2. The compound according to claim 1, characterized in that Y is -CH2CH2C1 and R is -CH2CH2C1, -CH2CH = CH2 or -CH3.

3. The compound according to claim 2, characterized in that R is -CH2CH2C1 or -CH34.

The compound according to claim 2, characterized in that R is CH2CH2C1.

5. The compound according to claim 1, characterized in that the alkyl of 1 to 7 carbon atoms is selected from the group consisting of methyl, ethyl, n-propyl, isopropyl, n-butyl, isobutyl, t-butyl, n -pentyl, isopentyl, n-hexyl, isohexyl or substituted hexyl.

6. A pharmaceutical composition for use in the treatment of malignant tumors in mammals, characterized in that it comprises a therapeutically effective amount of a compound of the formula: CH3S02N (Y) N (CONHR) S02CH3 wherein Y is -CH3 or -CH2CH2C1; and R is alkyl of 1 to 7 carbon atoms, cyclohexyl, methylcyclohexyl, -CH2CH = CH2, -CH2CH2C1, -CH2CH2CH2Cl, -CH2COOC2Hs, CH (CH3) COOC2H5 or -CH (CH2C6H5) COOC2H5.

7. The composition according to claim 6, characterized in that it also includes a pharmaceutically acceptable excipient, additive or carrier.

8. The composition according to claim 6, characterized in that Y is -CH2CH2C1 and R is -CH2CH2C1, -CH2CH = CH2 or -CH3.

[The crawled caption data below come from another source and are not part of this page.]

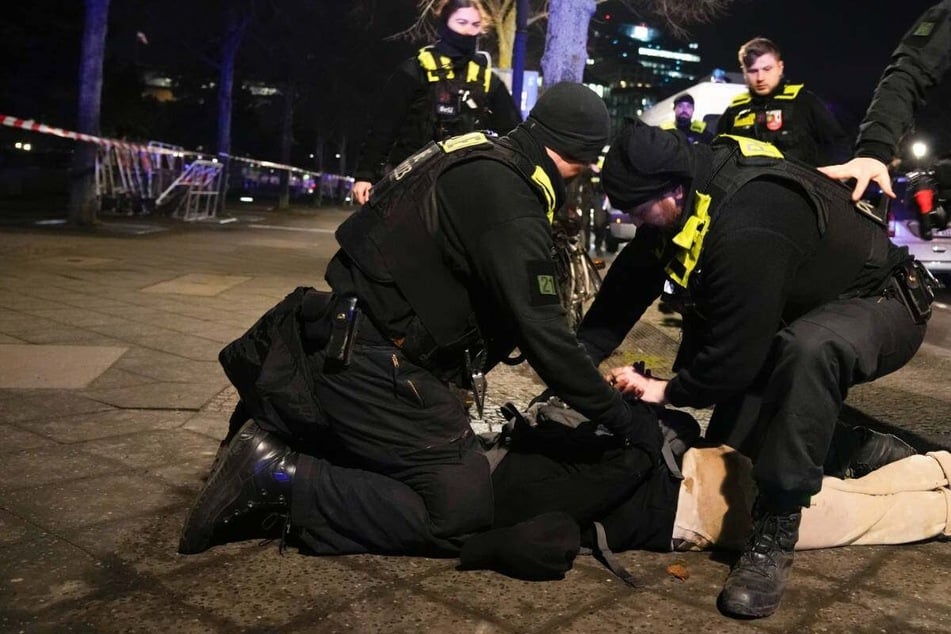 Der 19-jährige Syrer konnte in Tatortnähe festgenommen werden.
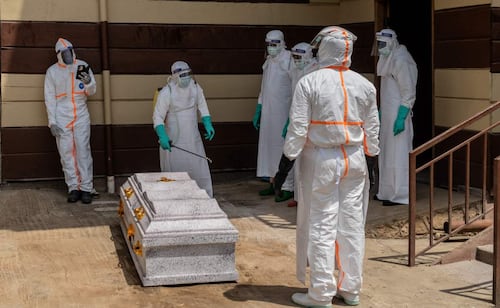 OMS reporta más de mil muertes por brote de ébola en el Congo y Uganda; hay 2 mil 473 casos confirmados del virus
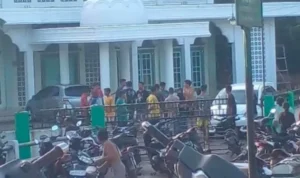 Viral Pj Kades Digerebek Bersama Bidan, Mobil Bergoyang di Area Masjid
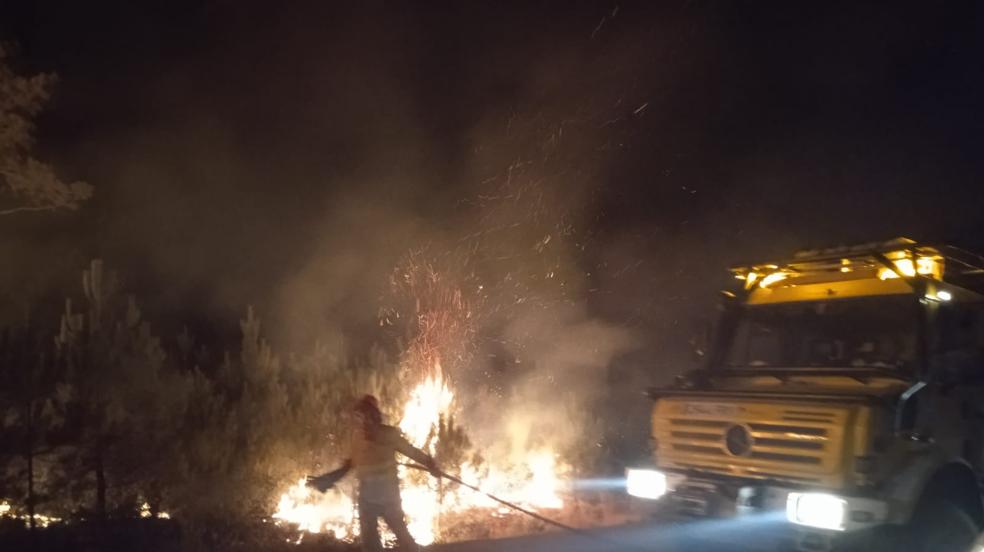 Las imágenes de los trabajos nocturnos en el incendio en Las Hurdes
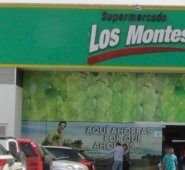 Los peritos revisan cuidadosamente las imágenes captadas por el circuito cerrado de video instalado en la sucursal de una cadena de supermercados. Archivo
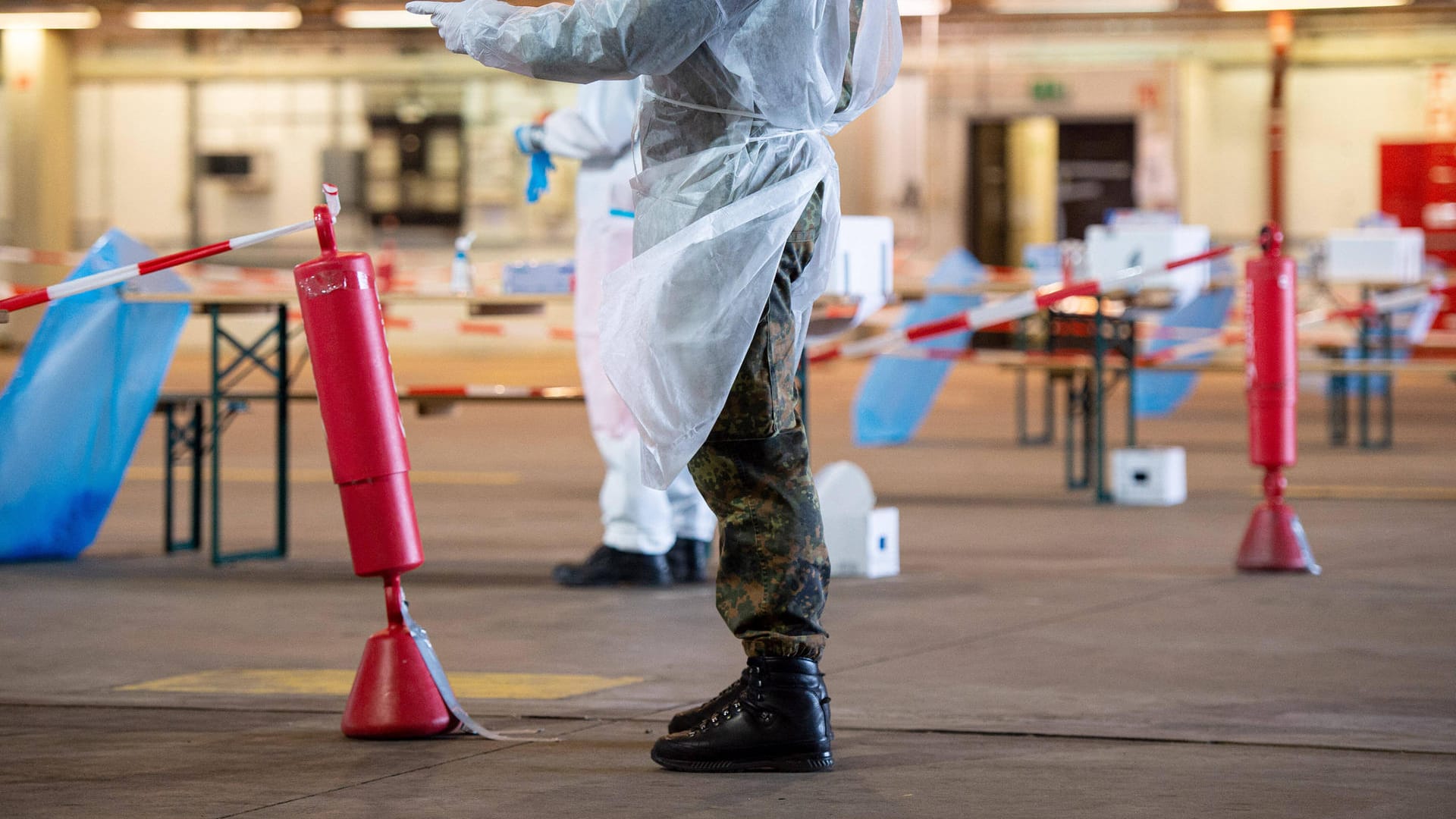 Corona-Tests in Gütersloh: In dem Virus-Hotspot gab es den ersten regionalen Lockdown in Deutschland. Corona-Tests in Gütersloh: In dem Virus-Hotspot gab es den ersten regionalen Lockdown in Deutschland.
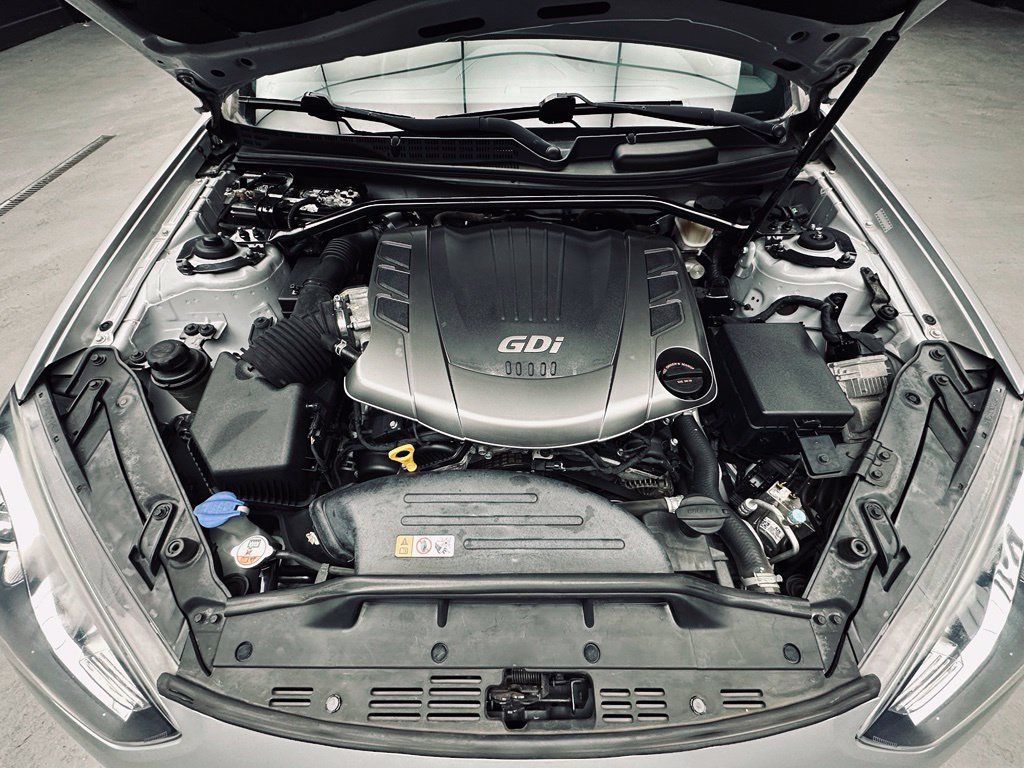 Used 2016 Hyundai Genesis Coupe 3.8 RWD image 38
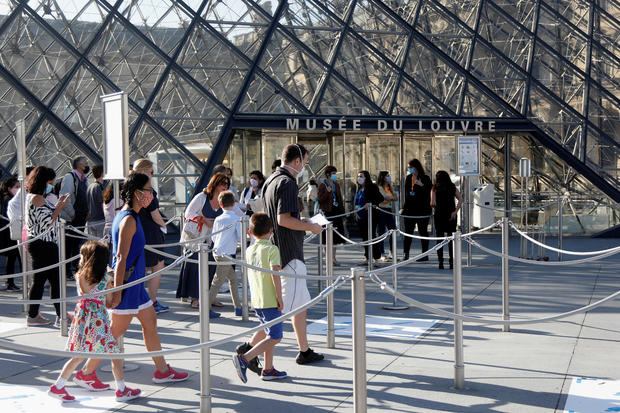 Louvre reopens after four-month closing due to
coronavirus 1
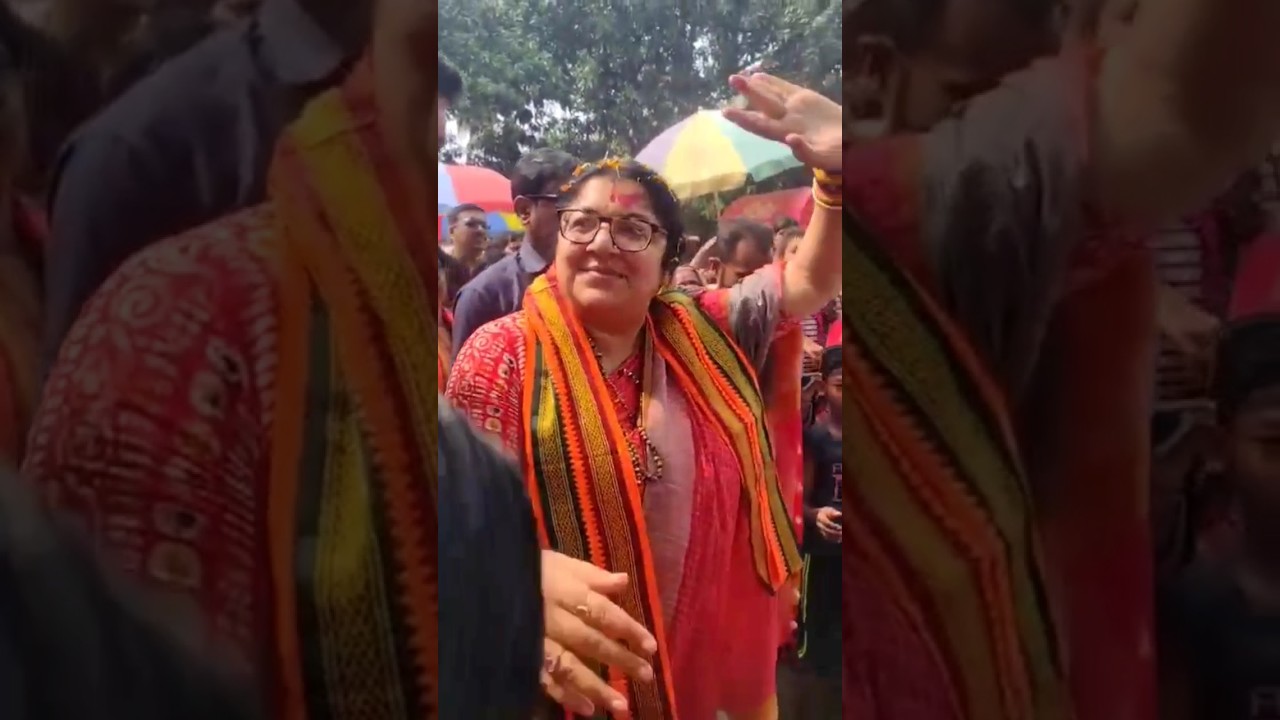 লকেট চ্যাটার্জি🧡#shortsvideo #viral #loket #bjp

9. The composition according to claim 8, characterized in that R is -CH 2 CH 2 Cl or -CH 3.

10. The composition according to claim 9, characterized in that R is -CH 2 CH 2 Cl.

11. The composition according to claim 6, characterized in that the alkyl of 1 to 7 carbon atoms is selected from the group consisting of methyl, ethyl, n-propyl, isopropyl, n-butyl, isobutyl, t-butyl, n -pentyl, isopentyl, n-hexyl, isohexyl and substituted hexyl.

12. The composition according to claim 7, characterized in that it is in the intravenous dose form.

13. The composition according to claim 7, characterized in that it is in the intramuscular dose form.

14. The composition according to claim 7, characterized in that it is in the oral dosage form.

15. Compositions for the use of the treatment of malignant tumors in mammals comprising administering a therapeutically effective amount of a compound of the formula: CH3S02N (Y) N (CONHR) S02CH3 wherein Y is -CH3 or -CH2CH2C1; and R is alkyl of 1 to 7 carbon atoms, cyclohexyl, methylcyclohexyl, -CH2CH = CH2, -CH2CH2C1, -CH2CH2CH2C1, -CH2C00C2H5, CH (CH3) C00C2H5 or -CH (CH2C6H5) COOC2H5.

16. The composition according to claim 15, characterized in that Y is -CH2CH2C1.

17. The composition according to claim 15, characterized in that the alkyl of 1 to 7 carbon atoms is selected from the group consisting of methyl, ethyl, n-propyl, isopropyl, n-butyl, isobutyl, t-butyl, n -pentyl, isopentyl, n-hexyl, isohexyl or substituted hexyl.

18. The composition according to claim 15, characterized in that Y is -CH2CH2C1 and R is -CH2CH2cl, -CH2CH = CH2 or -CH3.

19. The composition according to claim 18, characterized in that R is -CH2CH2C1 or -CH3.